POWs Then and Now


On Jan. 17, 1991, Navy Capt. Michael Scott Speicher, 32, was piloting a F/A-18 fighter jet at the start of the first Gulf War. Hit by an air-to-air missile fired by an Iraqi warplane, Speicher, known as a "top gun among fliers," was later given up for dead. However, as reported by Chicago Tribune foreign correspondent, Christine Spolar ("U.S. hunts POW of ’91 war," April 24, 2003), "Classified documents show that Speicher was seen years after being shot down." As recently as early 2002, a host of unnamed, anonymous, yet "credible" sources declared Speicher to be alive and in Iraqi custody.

A faulty DNA test misidentified a body as that of Speicher’s and the case was considered closed. "His wife remarried, and she and her new husband, a former Navy pilot, had two children," explained Spolar. When Speicher’s fighter plane was found, largely intact, in December 1993, everything changed. The Pentagon admitted the error and by 2000, President Bill Clinton publicly declared Speicher "might be alive" and "if he isSwe’re going to do everything to get him out."

In reality, of course, little was done to secure Speicher’s release…but he was promoted twice and, dead or alive, is now a captain.
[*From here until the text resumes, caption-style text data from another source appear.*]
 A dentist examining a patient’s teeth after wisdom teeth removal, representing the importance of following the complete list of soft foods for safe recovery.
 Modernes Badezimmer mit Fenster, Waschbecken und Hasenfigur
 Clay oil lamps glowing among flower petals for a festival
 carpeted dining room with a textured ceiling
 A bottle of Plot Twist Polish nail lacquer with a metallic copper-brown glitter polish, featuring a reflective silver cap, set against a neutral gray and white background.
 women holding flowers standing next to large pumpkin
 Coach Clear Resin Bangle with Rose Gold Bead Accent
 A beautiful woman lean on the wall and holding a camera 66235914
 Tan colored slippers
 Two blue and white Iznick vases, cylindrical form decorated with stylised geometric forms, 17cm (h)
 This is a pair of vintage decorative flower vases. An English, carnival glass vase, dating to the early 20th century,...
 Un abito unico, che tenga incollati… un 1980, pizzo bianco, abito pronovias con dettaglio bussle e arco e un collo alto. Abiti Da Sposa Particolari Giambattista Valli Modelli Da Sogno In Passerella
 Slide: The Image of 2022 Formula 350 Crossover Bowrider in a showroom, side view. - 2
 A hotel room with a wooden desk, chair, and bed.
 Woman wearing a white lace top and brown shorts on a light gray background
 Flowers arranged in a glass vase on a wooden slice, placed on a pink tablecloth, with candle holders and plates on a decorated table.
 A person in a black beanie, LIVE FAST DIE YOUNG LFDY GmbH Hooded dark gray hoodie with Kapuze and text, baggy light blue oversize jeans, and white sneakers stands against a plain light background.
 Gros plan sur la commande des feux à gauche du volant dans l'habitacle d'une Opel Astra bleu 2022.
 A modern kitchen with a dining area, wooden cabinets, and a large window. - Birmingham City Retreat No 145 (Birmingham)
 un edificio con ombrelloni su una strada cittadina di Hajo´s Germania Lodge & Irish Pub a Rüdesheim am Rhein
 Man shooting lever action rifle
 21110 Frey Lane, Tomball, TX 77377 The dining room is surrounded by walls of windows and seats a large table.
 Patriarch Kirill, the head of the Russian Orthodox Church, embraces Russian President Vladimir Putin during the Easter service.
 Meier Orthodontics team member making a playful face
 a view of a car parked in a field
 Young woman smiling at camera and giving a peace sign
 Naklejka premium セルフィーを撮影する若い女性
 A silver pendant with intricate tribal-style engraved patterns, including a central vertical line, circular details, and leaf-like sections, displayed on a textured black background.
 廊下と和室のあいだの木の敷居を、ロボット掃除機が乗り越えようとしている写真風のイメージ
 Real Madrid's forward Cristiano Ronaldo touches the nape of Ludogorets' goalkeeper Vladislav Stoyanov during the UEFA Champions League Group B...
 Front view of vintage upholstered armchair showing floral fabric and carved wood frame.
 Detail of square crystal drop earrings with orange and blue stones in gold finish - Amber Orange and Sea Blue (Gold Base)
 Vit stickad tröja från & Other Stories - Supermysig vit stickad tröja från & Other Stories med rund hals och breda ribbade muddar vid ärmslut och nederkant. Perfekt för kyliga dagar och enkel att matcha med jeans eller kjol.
Besides highlighting U.S. military inefficiency and insensitivity, Speicher’s story evokes images of a soldier left behind to face inhuman torture in a hateful country. This image, along with more recent U.S. POWs like Jessica Lynch, resurrects a potent tool of wartime spin: The template of a dehumanized enemy victimizing the good guys (and girls) was forged during the U.S. invasion of South Vietnam.

"There are some fairly obvious needs being met by the images of American POWs tortured year after year by sadistic Asian communists," states H. Bruce Franklin, author of MIA: Mythmaking in America. Considering the influence this fairy tale has wielded both in pop culture and in demonizing the Vietnamese, its veracity is remarkably tenuous. "It is unique," Franklin says. "What distinguishes it is that this is an entirely manufactured issue." It is also an emotional issue, an issue susceptible to spin. Spin-inspired emotion helps account for its durability; it helps explain how Americans have managed to ignore far greater numbers of MIAs in other wars. In WWII and the Korean War, between 20 and 25 percent of U.S. combat dead were never found. In Vietnam, it was 3.4 percent.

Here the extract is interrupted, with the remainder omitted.